2010-10-30

MusicBrainz database replication

I wanted to work on the Acoustid lookup web service and for this I needed to setup a MusicBrainz replicated database slave. Normally I’d use the Perl code from mb_server, but I didn’t want to mess up the setup I have on the machine hosting acoustid.org with CPAN packages. I had a plan to write a non-Perl version of the replicated code earlier, but only yesterday I really needed it. It turned out to be easier than I expected, so I already have a working version that I use to update my local MB database. Get it from GitHub, if you would like to give it a try.

It has scripts for importing the database dumps as well as applying replication packets, so it can be used creating a MB database from scratch as well as updating an existing one. Instructions for setting up a new database can be found in the README file.

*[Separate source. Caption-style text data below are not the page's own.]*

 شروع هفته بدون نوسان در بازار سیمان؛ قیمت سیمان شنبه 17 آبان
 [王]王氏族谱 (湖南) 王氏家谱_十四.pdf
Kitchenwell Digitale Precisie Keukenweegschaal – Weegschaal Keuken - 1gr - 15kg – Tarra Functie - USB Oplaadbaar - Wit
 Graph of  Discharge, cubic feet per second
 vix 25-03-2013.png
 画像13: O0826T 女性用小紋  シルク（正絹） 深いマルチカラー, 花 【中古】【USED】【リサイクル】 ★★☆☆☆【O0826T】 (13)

There are a few differences between these scripts and mb_server:

Depends only on Python and psycopg2. Should be easy to set it up on non-Linux platforms, but I’ve not tested that.
Doesn’t require additional space for extracting the database dump tarballs. It decompresses and imports the files on-the-fly.
Can be configured to import the MB database into any schema, not just “public”.
Can be configured to not replicate specific tables (e.g. direct search indexes, PUIDs).
Regrouped transactions. The MB replication packet consists of multiple transactions (each of which has multiple database operations). The original replication code in mb_server imports the transactions exactly as they were executed in the master database. My code applies the whole packet in a single transaction. This is a small disadvantage, but from an external point of view (external scripts, triggers), there is no practical difference.
New code, possibly buggy.

The code currently assumes that you know how to setup the MusicBrainz database, so it doesn’t do many checks. It it turns out it’s useful also to somebody else, I can make it more robust.